Historians bring a specific set of skills to the task of analyzing documents. As teachers, we need to be more explicit about teaching those skills, and we need to teach these skills with regularity. I certainly don’t want to denigrate the amazing work thousands and thousands of students and their teachers do every year to prepare for AP history exams, and for their basic classwork in any history course. I am offering my observations in the spirit of improving our teaching in order to help our students have a more nuanced understanding of the historians’ craft and a better sense of history itself from the documents themselves. And besides, I think most of us would agree that the documents are the fun part!

—Ane Lintvedt teaches history at the McDonogh School in Owings Mills, Maryland.

Notes

1. In 2004, over 260,000 students wrote the AP U.S. history exam, and over 79,000 wrote the AP European history exam. All three AP history exams have a document-based question (DBQ). Since I have worked on the scoring of the AP world history exam for the last three years, my examples in this essay will be drawn from that exam.

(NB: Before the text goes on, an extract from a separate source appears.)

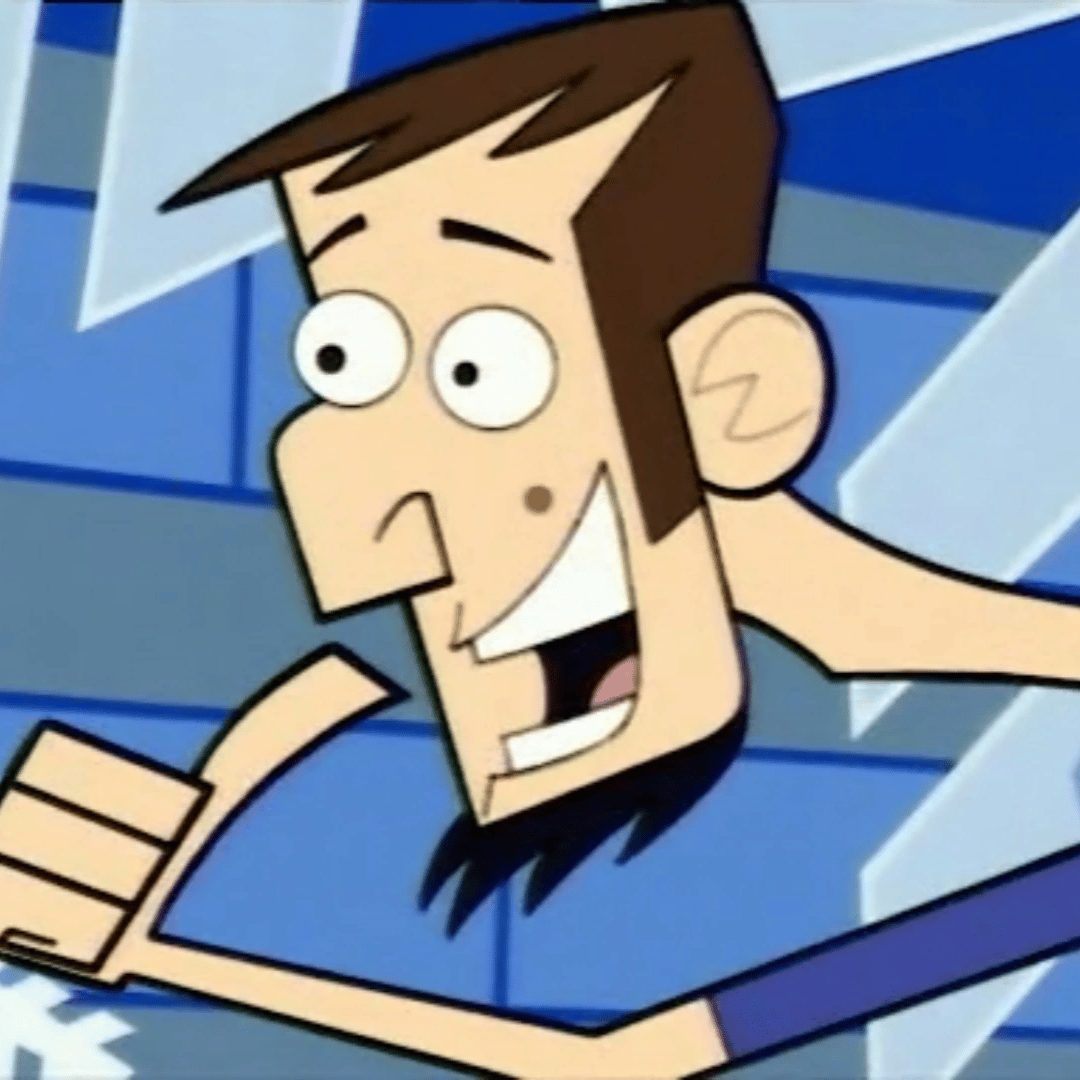 Abe Lincoln (Clone High) AI Voice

2. The 2004 question was: "Based on the following documents, analyze the responses to the spread of Buddhism in China. What additional kind of document(s) would you need to evaluate the extent of Buddhism’s appeal in China?" The document excerpts were from: (1) The Four Noble Truths; (2) a pro-Buddhist Chinese scholar, c. 350 BCE; (3) an anonymous Chinese scholar who saw the benefits of meshing Confucian and Buddhist doctrines, c. 500 CE; (4) an anti-Buddhist Chinese imperial adviser, 819 CE; (5) a Buddhist scholar arguing for coexistence of Buddhist, Confucian, and Daoist traditions, 9th-century CE; and (6) an edict of Emperor Tang Wu abolishing Buddhism in China in 845 CE. To see a copy of the complete exam, go to http://apcentral.collegeboard.com.

3. Document 4 from the APWH DBQ: Han Yu, Imperial Tang advisor, 819 CE, "Memorial on Buddhism."